The input for the MCL and MCODE clustering algorithms was the set of interactions resulting from connecting a bait protein to its preys [the spoke model (Bader and Hogue, 2002)] for each of the datasets. For setting the parameters of the algorithms, we used the values recommended by Brohee and van Helden (2006). Specifically, we used the inflation parameter 1.8 for MCL. For MCODE, we used the parameters depth = 100, node score percentage = 0, Haircut = TRUE, Fluff = FALSE and percentage for complex fluffing = 0.2. MRF was applied using the spoke model, using the parameters suggested by Rungsarityotin *et al.* (2007), i.e. *K* = 698 and ψ = 3.5.
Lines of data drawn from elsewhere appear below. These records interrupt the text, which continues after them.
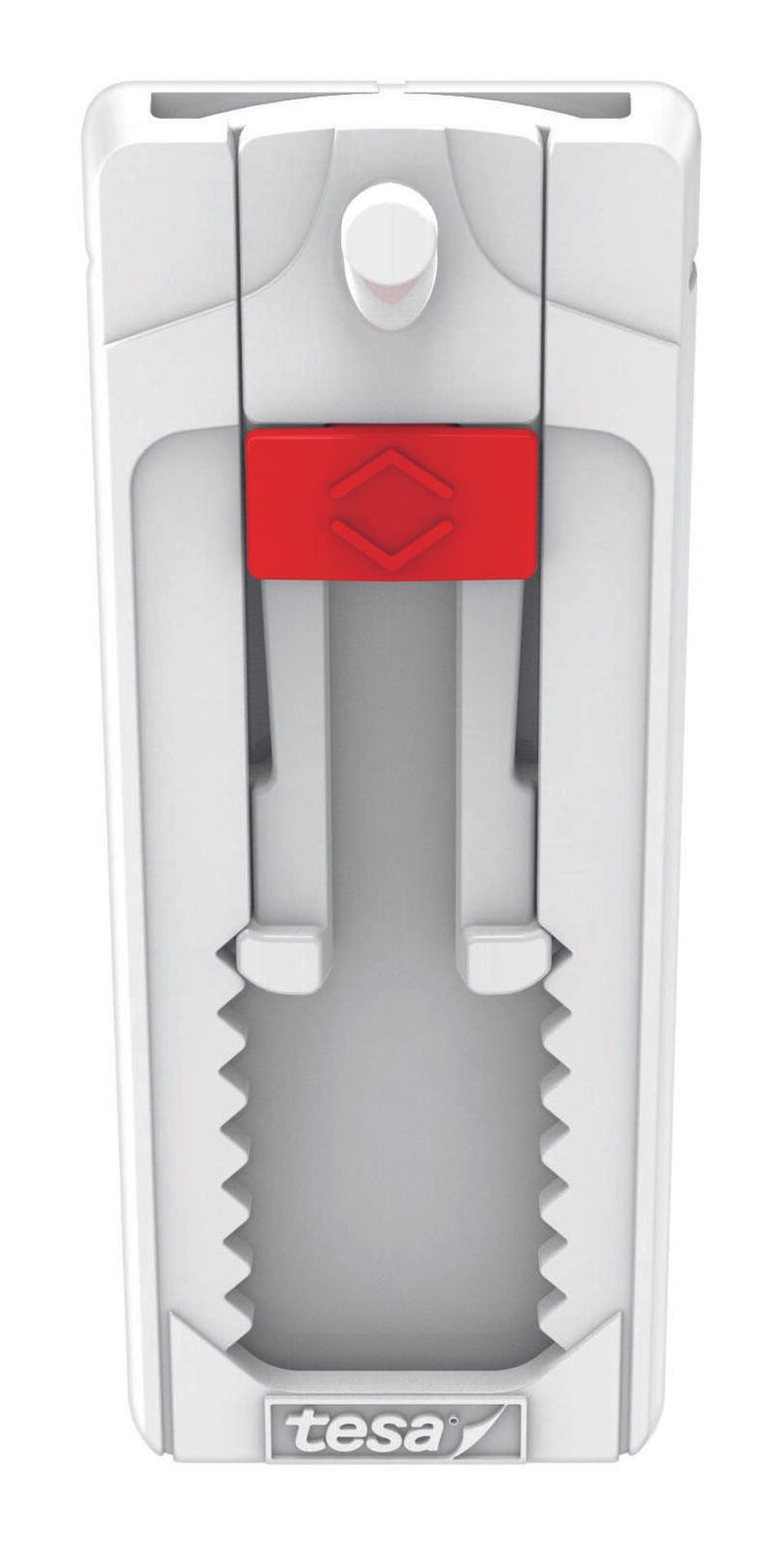 tesa Powerstrips Klebenägel 2.4 cm x 6.4 cm weiß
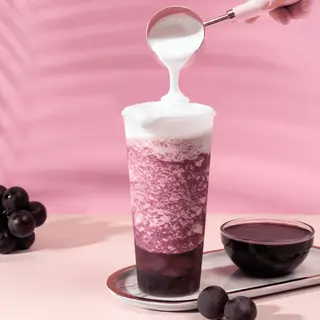 Mousse Uva (700ml)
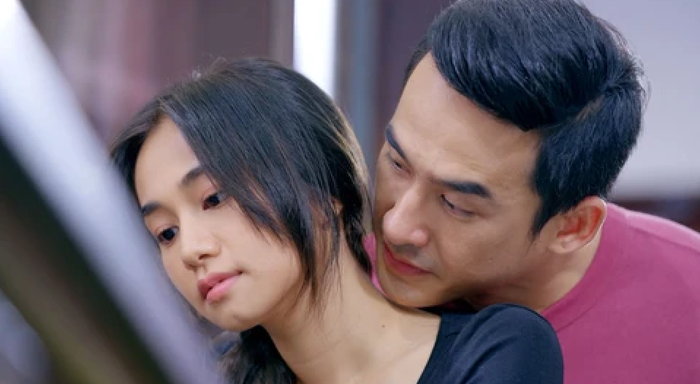 Song song đó, Hoàng Dũng - nhân vật do Lương Thế Thành thủ vai cũng trở thành đối tượng nhận nhiều ý kiến trái chiều.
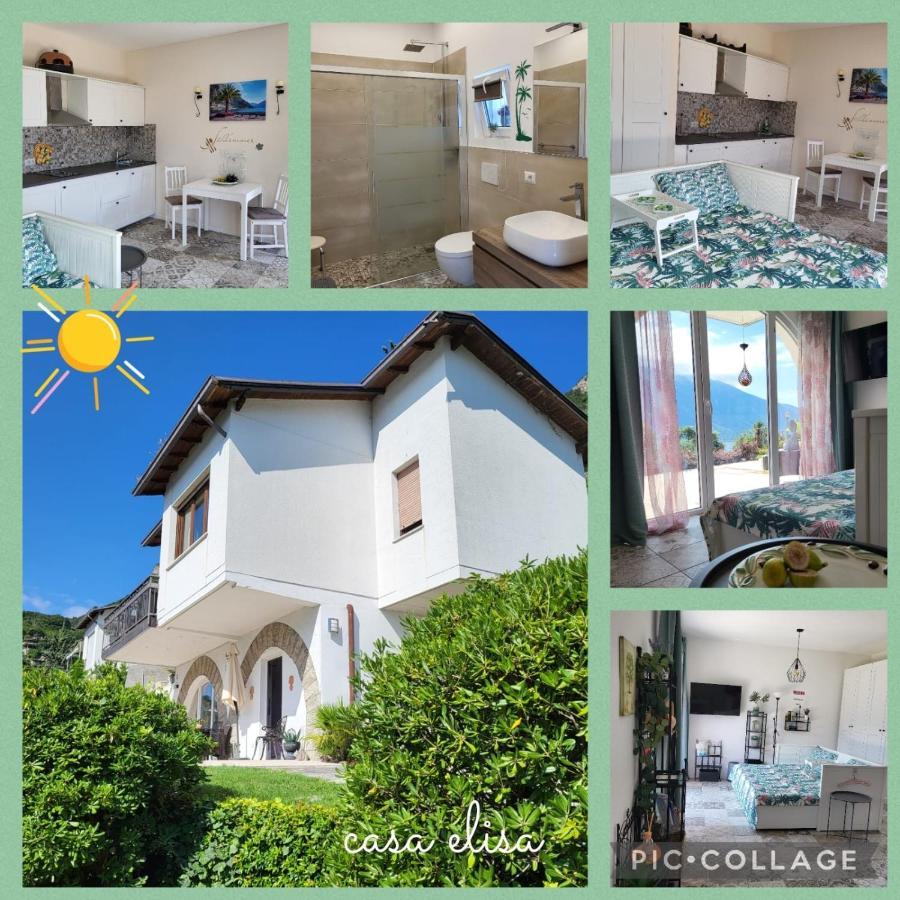 Casa Elisa Appartement Tremosine Buitenkant foto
We obtained the Local Modeling implementation from the bioconductor http://www.bioconductor.org. The parameters used to run Local Modeling are the default parameters mentioned in Scholtens *et al.* (2005).

When creating complex estimates from Collins *et al.* (2007), we used MCL with the same parameters as described above, and used the PE values as the input to the MCL algorithm.

CODEC is based on reformulating the protein complex identification problem as that of finding significantly dense subgraphs in a bipartite graph. We construct a bipartite graph whose vertices on one side represent prey proteins, and vertices on the other side represent bait proteins. Edges connect a bait protein to its associated preys. Ideally, a complex should appear as a fully connected bipartite subgraph (biclique) in this graph. In practice, due to experimental noise, a complex will appear as a dense bipartite subgraph. We note that further experimentation using methods such as cross-linking and sequential CoIP can improve the detection process, but is far more costly.

In addition, we impose a consistency requirement: some proteins occur in the data both as baits and as preys. For such proteins, we require that if a certain prey (bait) vertex is included in the subgraph, so must be the corresponding bait (prey). These definitions are exemplified in Figure 1. The example dataset contains 10 proteins marked as P1-P10 (Fig. 1a). Four purifications are made. The proteins used as baits are P3, P4, P5 and P7. There are two sets of preys that are supported by more than one bait: {P2, P3, P4, P5} and {P5, P6, P7, P8}. It can be hypothesized that these sets correspond to two protein complexes, shown in Figure 1b. In both cases, the consistency requirement is satisfied. The missing edge between P5 and P2 is a likely false negative, since both P3 and P4 interact with P2. There may be additional complexes in this toy example, but there is only weak evidence for their existence since they are detected as preys by a single bait protein.

An example data set. (**a**) An input bait–prey graph. Baits are colored in blue and preys are colored in red. (**b**) Two possible protein complexes and their corresponding subgraphs.

We adapted the SAMBA algorithm (Tanay *et al.*, 2002) to find putative complexes, henceforth called *clusters*. As further detailed in the Methods, the algorithm relies on a scoring component and a search heuristic to identify high scoring subgraphs. The scoring of a subgraph is based on a likelihood ratio score, which measures the density of the subgraph versus the chance that its connections arise at random. We experimented with two scoring variants: a permissive one, *w*_{0}, and a stricter one, *w*_{1} (see Section 2). In all the applications below, we report on the results of both variants. The search heuristic starts from small bicliques and expands them using greedy search. Unlike SAMBA, the search procedure also ensures that the consistency requirement is met by coupling together the prey and bait instances of a protein.

The significance of the identified clusters is evaluated by comparing their scores to those obtained on randomized instances, where the edges of the bipartite graph are shuffled while maintaining node degrees. We retain only significant clusters and further eliminate redundant clusters with high overlap among them.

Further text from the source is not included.